2. List offsite-fab best practices within that context. Identify any prefab, manufacturing, kitting or modularized strategies that may or may not work within the context of the project. This also would be an ideal time to identify any co-dependencies, anticipated procurement challenges, long-lead materials or anything else you may need to prioritize getting reviewed and approved for your strategies to work. 

3. Write down your approach, plan and goals. Other interested parties need to understand your plan; they have their own strategies in mind for how to complete the job. Take time to describe exactly how you envision the project flowing, including horizontally and vertically. At my company, we call this narrative “The Build Plan.” It becomes your script for proactively communicating with the rest of the team.

4. Communicate out and listen for feedback. At this stage, share the strategies you hope to deploy with the broader team. Communicate broadly to the general contractor (the master schedule author) and other major subcontractors such as electrical, structural, curtain wall and framing. 

Coordinate with them to ensure you don’t overlook a task or relationship and test your strategies with them to determine if they’re viable in the broader context of the project. It’s normal for other stakeholders to object to some of your strategies, so you need to align with them to understand and work through these concerns together.

5. Remember, you win some and you lose some. The reality is that everyone working on a construction project is co-dependent on one another. Like it or not, you might not get everything you want in an ideal schedule. But at least you know where — and how well — your plan fits into the master schedule, and you can adjust based on your new understanding.  

As a result, you will have added much more certainty to the project and worked out many of the potential surprises or variability.

6. Revise the plan (as needed). After you’ve shared your approach, plan and goals with the schedule owner, you can now make any necessary revisions to it. It’s important to keep in mind that numerous internal customers rely on the feedback loop to solidify the plan. For example, your foremen and detailers depend on it, and it influences your shop as well as how you procure equipment from vendors. 

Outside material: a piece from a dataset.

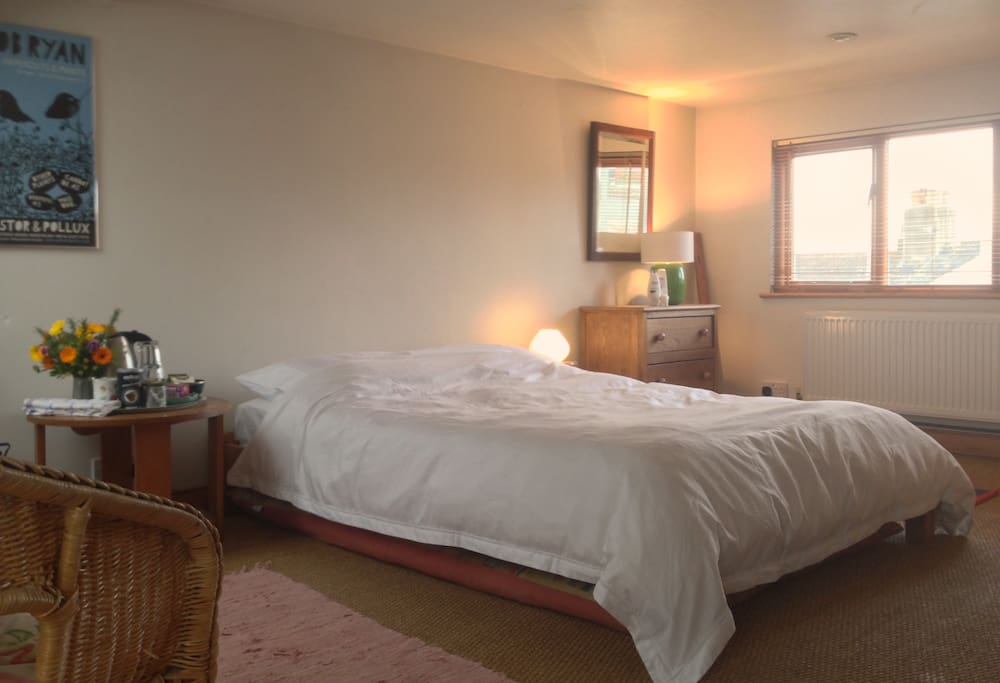 Loft room with comfortable double bed with plenty of space for travel cot.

You should now be able to finalize all relationships to the master schedule milestones and predecessors. These relationships will now drive the schedule dates. Don’t forget to double-check each task's anticipated duration and build out the resource-loaded labor plan to match. Circle back with stakeholders, memorialize the final plan and find a place to keep it visible to the team onsite and back at the main office, too.

7. While it is early, begin looking back at the plan from the tail end. As a preview to my column in a couple of months, I want to leave you with a reminder that once you have rough-in and trim portions of the plan and schedule dialed in, it is imperative to quickly do the same for the last quarter of the project.  

All too often, we wait too long to begin proactively wrestling with the articulated build out of the tail end of the project, which includes heavy influencers such as pressure testing, flush and fill, life safety testing, start-up, balance and commissioning portions of the critical path. It is just as important to look at the project in a back-pass manner as it is a forward-pass, but we’ll get into more detail about that next time.

Taking this overall approach to thinking about your project affords the engineering, safety, detailing, shop and field teams a much higher confidence level in the plan. On a large, complex project, this process can take a good bit of time and effort — weeks or perhaps even months — to complete. On a smaller, quick-turn project, this could all take a day or less. The benefit, however, is that it can easily be scaled accordingly to fit the context of any project.

Don’t get paralyzed by the scheduling tools; learn and use them. Remember that scheduling begins with understanding the context of the work, communicating with stakeholders and then collaborating to make a plan that mostly works for everyone.

Or, as I like to say, “Plan the work and work the plan.” Certain days ahead!